In 1898 the United States acquired its first insular possessions, annexing the Hawaiian Islands and obtaining Puerto Rico, Guam, and the Philippines from Spain following the Spanish-American War. America's Pacific presence was extended a year later with the addition of several of the Samoan Islands. Only Hawaii came under Interior at the outset; the State Department took primary responsibility for Puerto Rico, the War Department supervised the Philippines, and the Navy Department oversaw Guam and American Samoa. When the United States purchased the Virgin Islands from Denmark in 1917, the Navy also took charge of that Caribbean possession.

This diffusion of territorial responsibility began to be reversed in the 1930s. In 1931 President Herbert Hoover moved the Virgin Islands to Interior. In 1934 President Franklin D. Roosevelt created a new Interior unit, the Division of Territories and Island Possessions, to coordinate oversight of Alaska, Hawaii, the Virgin Islands, and Puerto Rico. The division dealt with the Philippines from 1939 until those islands attained independence in 1946, a period during which they were largely self-governing but then came under Japanese wartime occupation.

In the 1950s Interior gained some small territorial responsibilities but lost some big ones. The department assumed jurisdiction over Guam, American Samoa, and the Trust Territory of the Pacific Islands in 1950 and 1951. The latter contained the Caroline and Northern Mariana Islands, former Japanese possessions that the United Nations assigned to United States trusteeship in 1947. It lost responsibility for Puerto Rico after 1952, when a new commonwealth constitution granting that island full internal self-government took effect. Most notable, of course, were the graduations of Alaska and Hawaii to statehood in 1959.

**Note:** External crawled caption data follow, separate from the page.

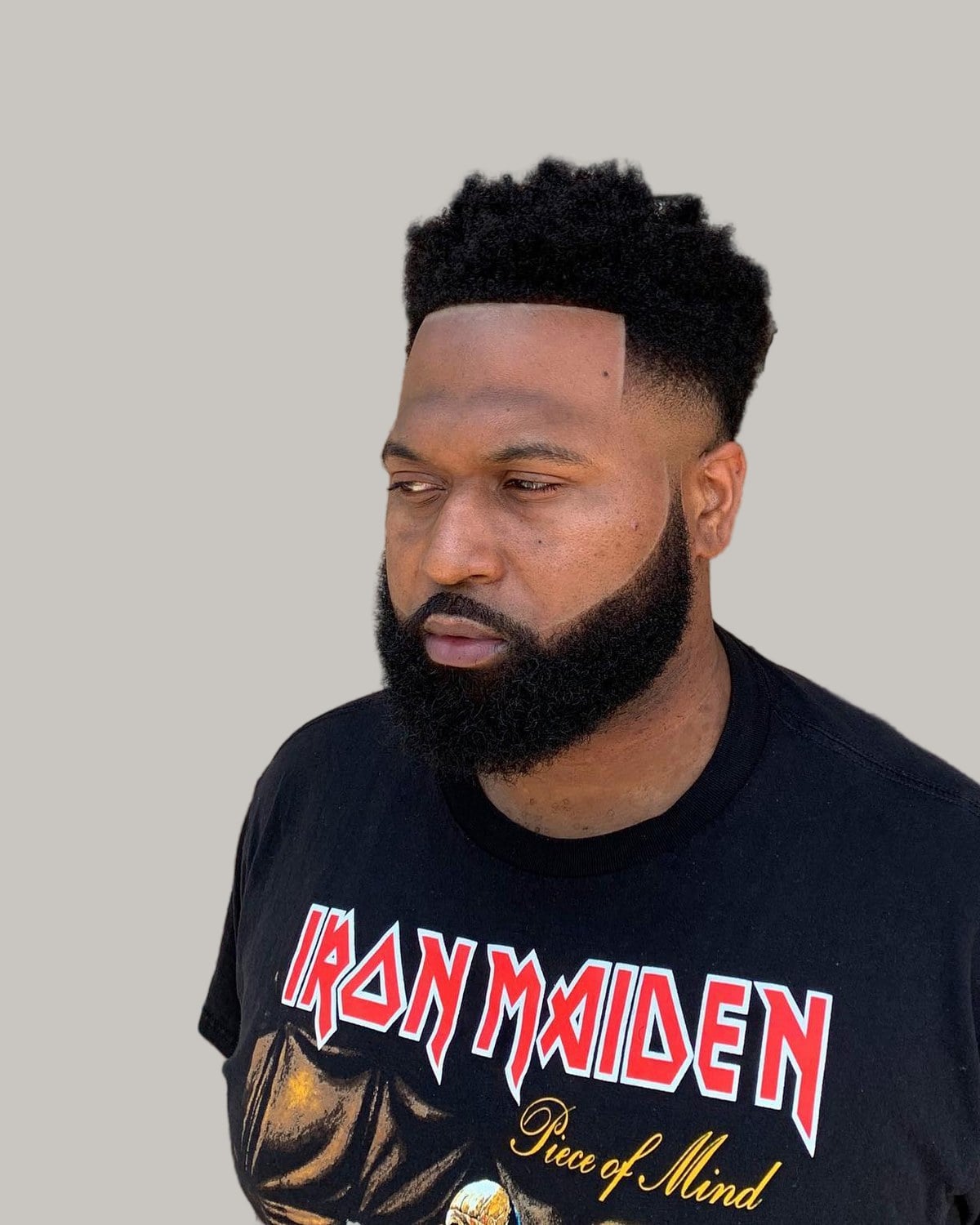 Bearded man with a short, curly quiff, a high fade and a sharp line-up, in a black band T-shirt, looking to the side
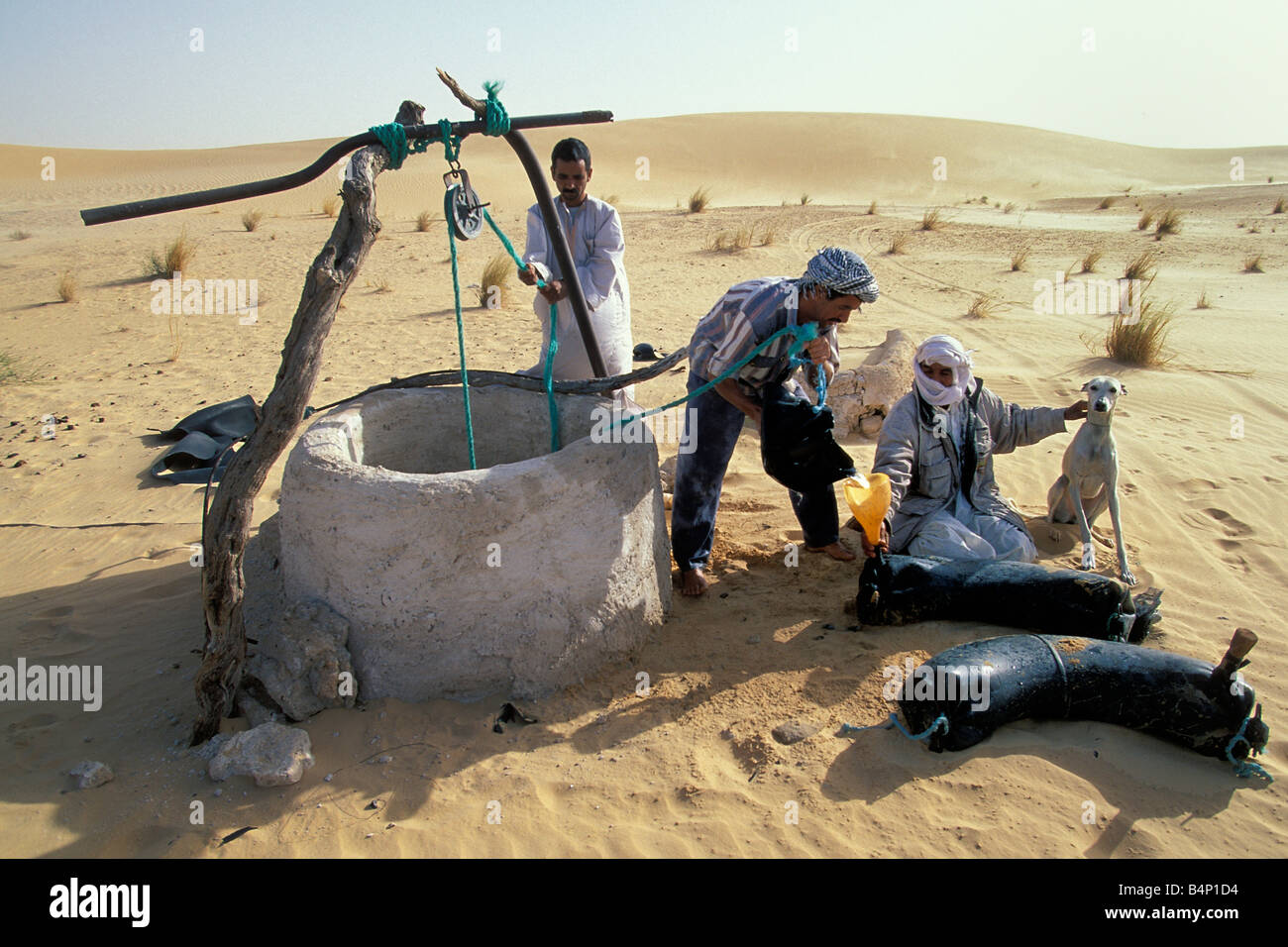 L'Algérie Touggourt hommes bédouins de prendre l'eau du puits du désert du Sahara Banque D'Images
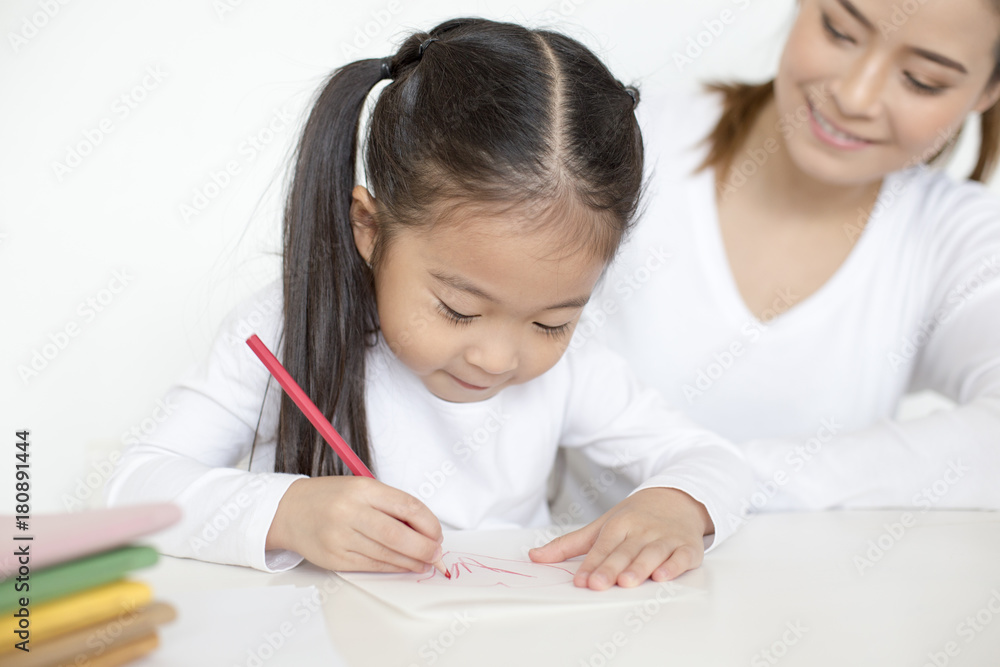 Attractive Little Girl writing Book. Mom Teaching her at home. Children Lifestyle, Education Concept. Attractive Little Girl writing Book. Mom Teaching her at home. Children Lifestyle, Education Concept.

The Virgin Islands, Guam, and American Samoa remain Interior concerns, as are two modern entities fashioned from the Trust Territory of the Pacific Islands: the Republic of Palau, comprising eight inhabited and some 200 other islands in the Carolines, established in 1980; and the Commonwealth of the Northern Mariana Islands, of which Saipan is the seat of government and commerce, established in 1986. While their legal relationships with the United States vary, all have their own elected legislatures and executives and enjoy substantial autonomy in domestic affairs.

The Division of Territories and Island Possessions went through several reorganizations and name changes before 1980, when its duties devolved to the present Assistant Secretary for Territorial and International Affairs. The Assistant Secretary's office seeks to promote the economic, social, and political development of the territories, with self-government the announced goal. It serves as a channel of communication with the territorial governments, making their needs known to other federal agencies; studies territorial problems and poses solutions; and provides budgetary and other administrative services.